This study included a training cohort of 358 patients and a validation cohort of 154 patients. The two cohorts were well‐balanced in terms of various baseline characteristics, as indicated by the non‐significant p values (Table 1). In terms of demographic features, the proportion of male patients was 71.2% in the training cohort and 72.1% in the validation cohort (p = 0.93).
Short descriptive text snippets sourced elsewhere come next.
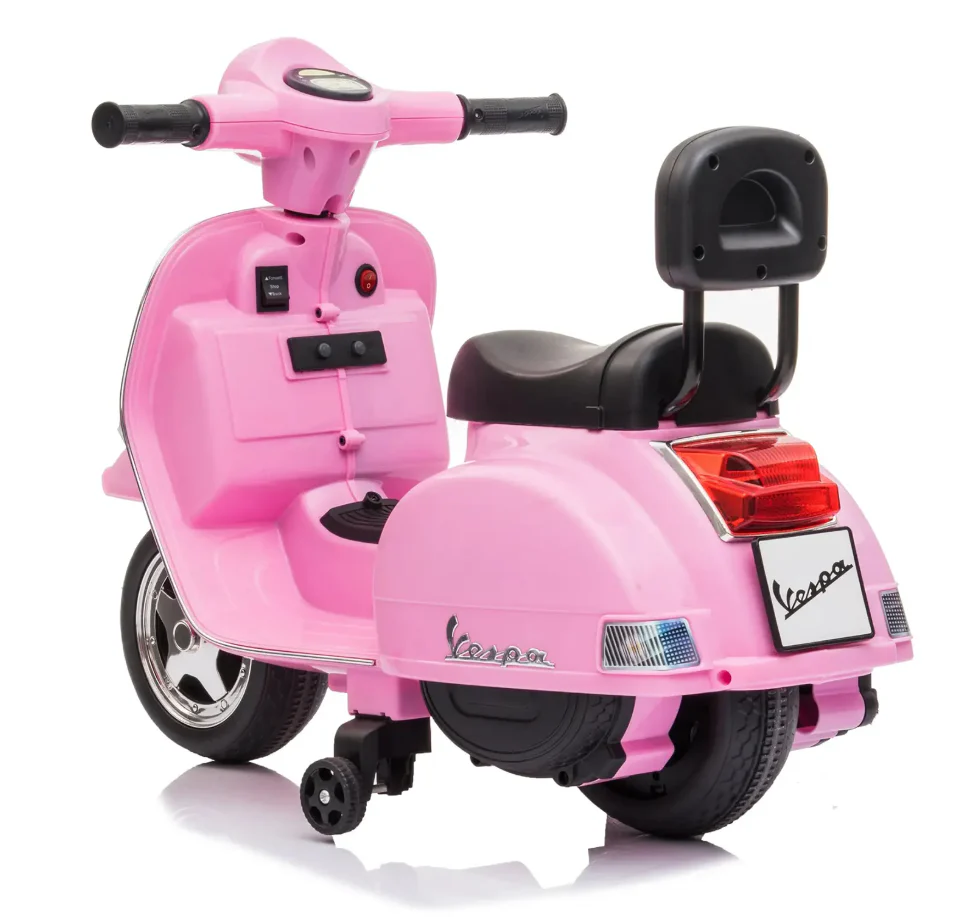 Mini Vespa Elettrica PX 150 Rosa - Image 2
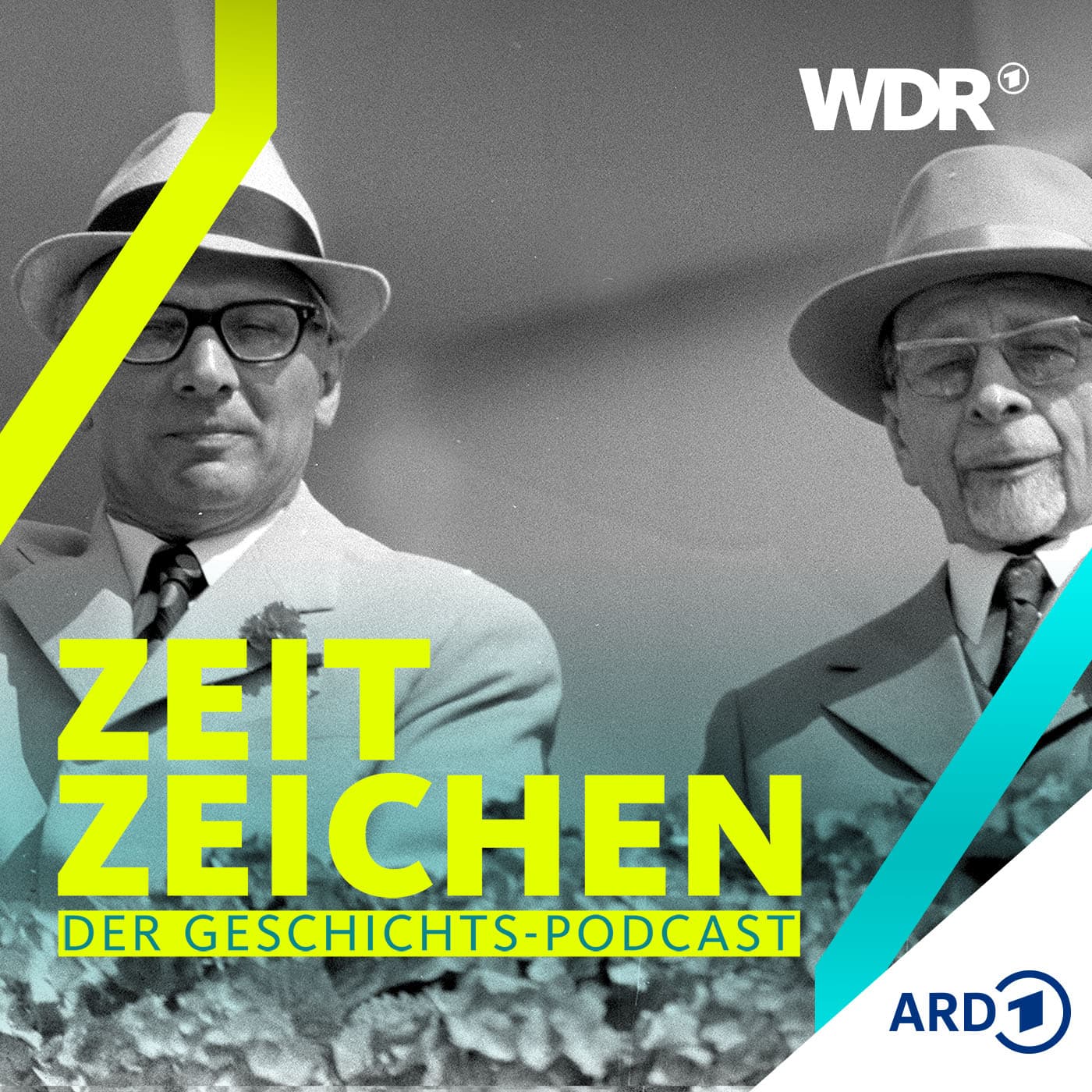 SED-Chef Walter Ulbricht: Gestürzt vom politischen Ziehsohn - WDR Zeitzeichen cover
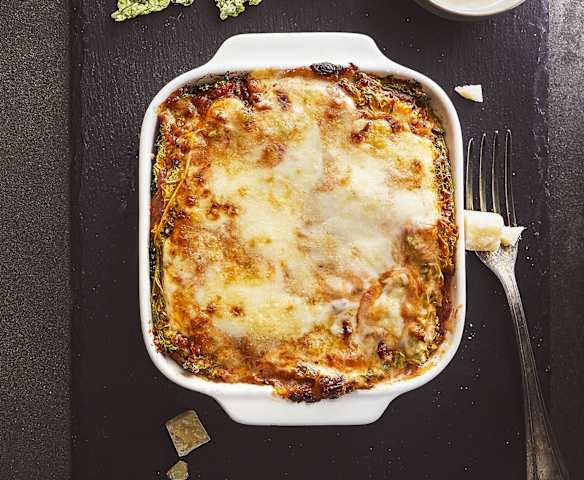 Lasagne di verza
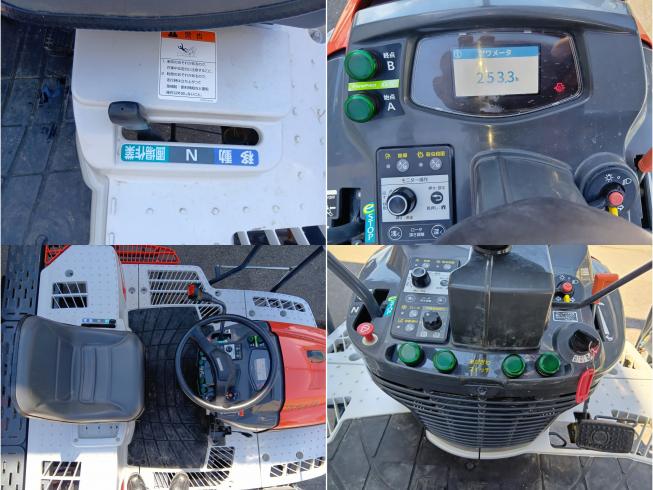 田植機 NW8S-GS　上越〇 写真６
Regarding comorbidities, the prevalence of hypertension, diabetes, and a history of antiviral use was similar between the two groups. For example, the rate of hypertension was 23.2% in the training cohort and 24.0% in the validation cohort (p = 0.926). Liver‐related characteristics such as cirrhosis status, Child–Pugh class, and BCLC stage also showed no significant differences. The proportion of patients with cirrhosis was 89.1% in the training cohort and 89.6% in the validation cohort (p = 0.989). Laboratory parameters like blood cell counts, liver function tests, and coagulation indicators were comparable. For instance, the mean values of ALT in the training and validation cohorts were 31.93 ± 20.36 U/L and 32.68 ± 21.31 U/L respectively (p = 0.707). APTT, an important coagulation index, had a mean value of 33.79 ± 5.01 s in the training cohort and 32.97 ± 3.96 s in the validation cohort (p = 0.073). These results suggest that the two cohorts are comparable at baseline, which provides a reliable foundation for further analysis and validates the generalizability of the study findings.

TABLE 1.

Baseline characteristics of training and validation cohorts.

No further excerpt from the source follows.